In the prior art, ethanol is mostly selected as a solvent to improve the permeability and sterilization effect of the medicine, but the ethanol has strong irritation, particularly the skin in the ear is sensitive, the discomfort of a patient is more easily caused, and the compliance of the patient is seriously influenced. In order to enhance the absorption of the medicine, the azone with strong transdermal absorption and less skin irritation can be preferably used as a transdermal absorbent to cooperatively enhance the rapid entry of the medicine into the body. The ear drop preparation is a single medicinal preparation at present, but the invention is a composite preparation of two azole medicaments, the solubility of the hydrophobic medicament in a solvent is increased by adding a moisturizing solubilizer and glycerol, triethanolamine is used as a safe and efficient emulsifier to promote the formation of gel, finally purified water is added to fully and uniformly mix and dissolve the medicament to form a relatively stable medicinal preparation (the viscosity can be slightly higher than that of pure liquid), and finally the service life of the medicament is prolonged by adding a natural harmless preservative to ensure the curative effect of the medicament to be stable. Particularly, the lysozyme (commercially available) selected by the invention is prepared by cloning and extracting by adopting a bioengineering technology, is a natural enzyme, is a safe and green additive, and has no drug resistance. The auxiliary materials of the product can use lysozyme to replace a chemical preservative which is conventionally used, so that the quality guarantee period of the medicine can be prolonged, the medicine is harmless to human bodies, and besides, the lysozyme has an inhibiting effect on fungi, and the lysozyme and the medicine have the synergistic effect of inhibiting the propagation and growth of the fungi, which has not been proposed in the prior art.

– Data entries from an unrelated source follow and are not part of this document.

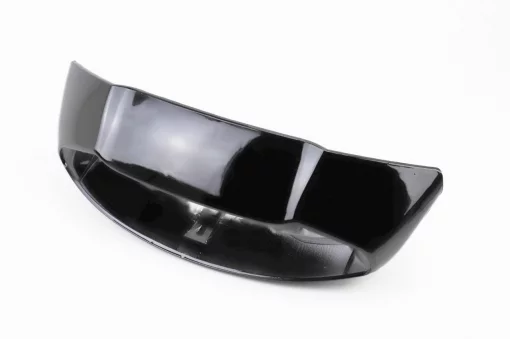 Honda LEAD AF-48 Пластик-руля передний "голова", чёрный, пластик-J, YQ-329069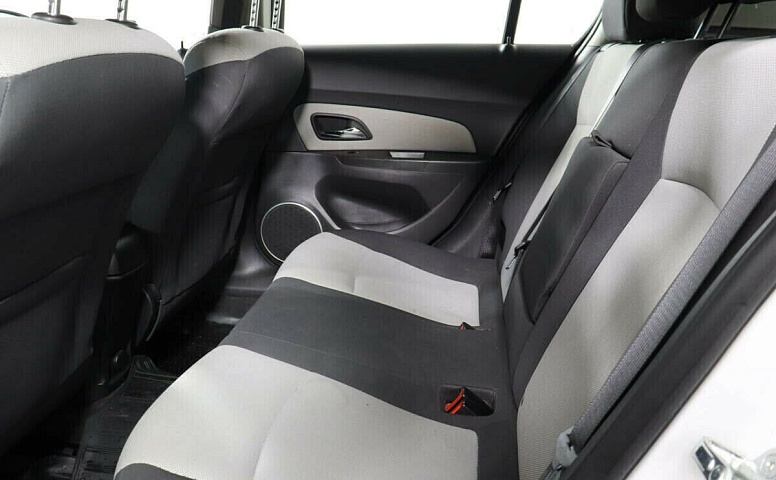 Chevrolet Cruze I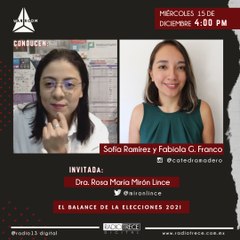 War Room: El Balance de la Elecciones 2021.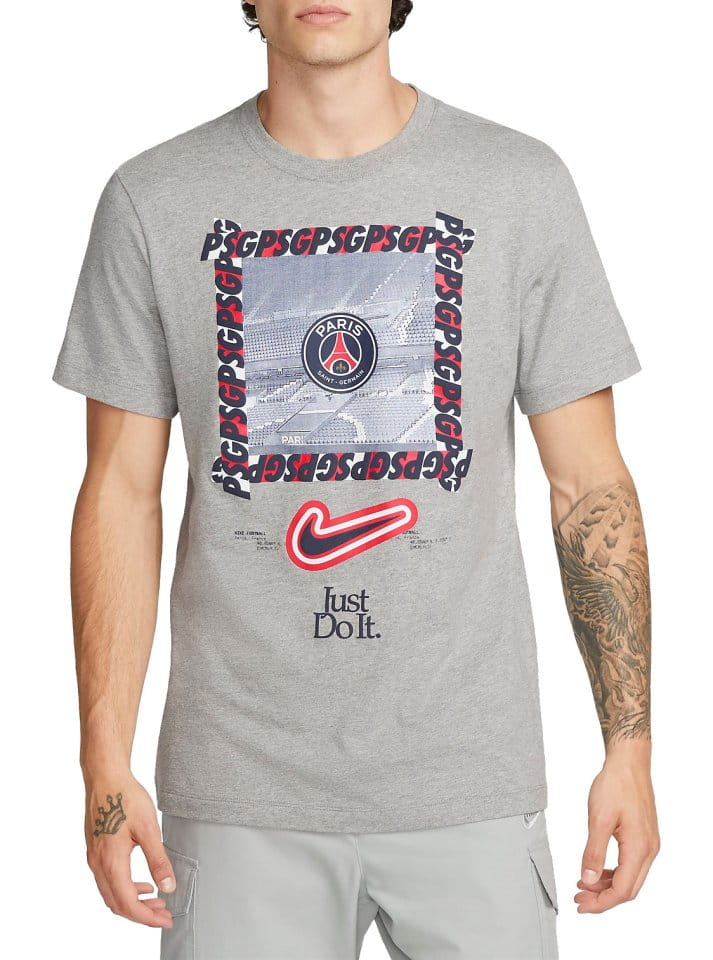 Camiseta Nike PSG M NK NEW DNA TEE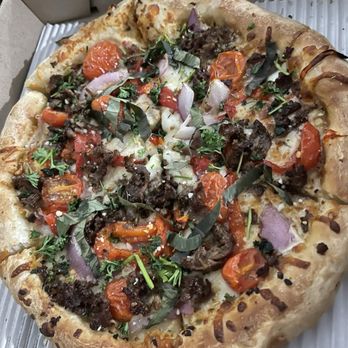 Pie Five Pizza - Pizza - Gluten-Free Near Me - Euless, Texas Pie Five Pizza - Pizza - Gluten-Free Near Me - Euless, Texas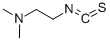 (2-ISOTHIOCYANATO-ETHYL)-DIMETHYL-AMINE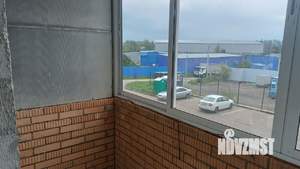 1-к квартира, вторичка, 39м2, 2/6 этаж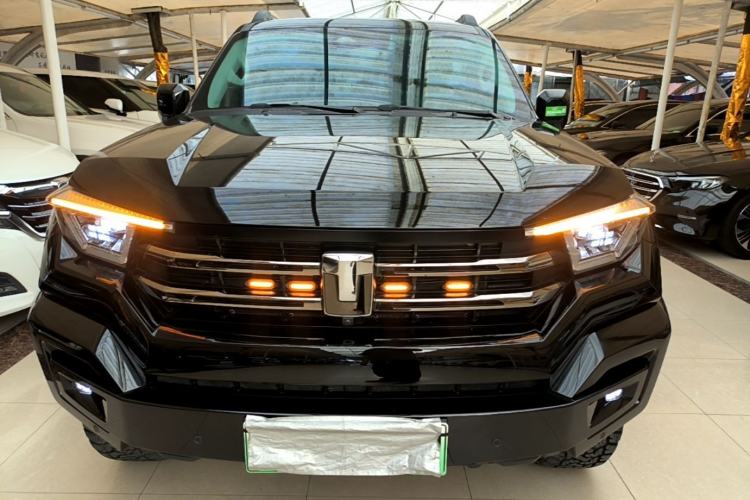 Used Tank 400 New Energy 2023 Hi4-T Super Edition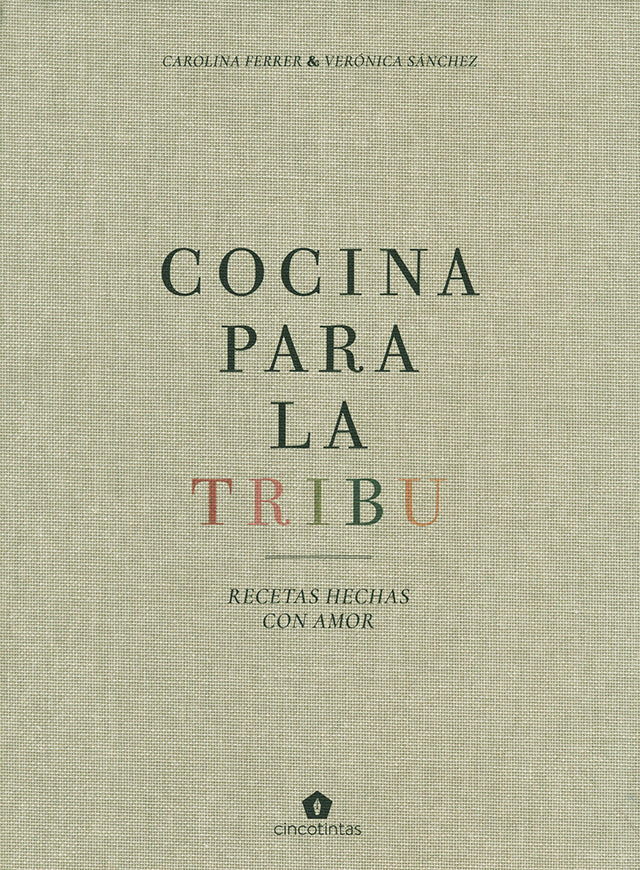 COCINA PARA LA TRIBU (スペイン)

2. The ear drops for treating the fungus in the auditory canal has the advantages of no irritation, obvious treatment effect, lower cost, convenient use, low price, simple preparation and controllable quality, and greatly increases the cure rate of the fungus infection in the external auditory canal.
3. The preparation method is simple and convenient and has low cost.
Detailed Description
The invention is further described below in connection with specific preferred embodiments, but it is not intended to limit the scope of the invention.
The materials and instruments used in the examples below are all commercially available.
Example 1:
the ear drops for treating the fungus in the auditory canal comprise the following components in percentage by mass:
the preparation method of the ear drops for treating the fungus in the auditory canal of the embodiment comprises the following steps:
mixing carbomer-940, PEG-400, glycerol and purified water with appropriate amount of the three substances dissolved, stirring, adding triethanolamine, and stirring to obtain transparent gel. Adding itraconazole and clotrimazole into gel, stirring, adding azone, chitinase and glucanase, adding purified water to 100g, and stirring to obtain ear drops for treating ear canal fungi.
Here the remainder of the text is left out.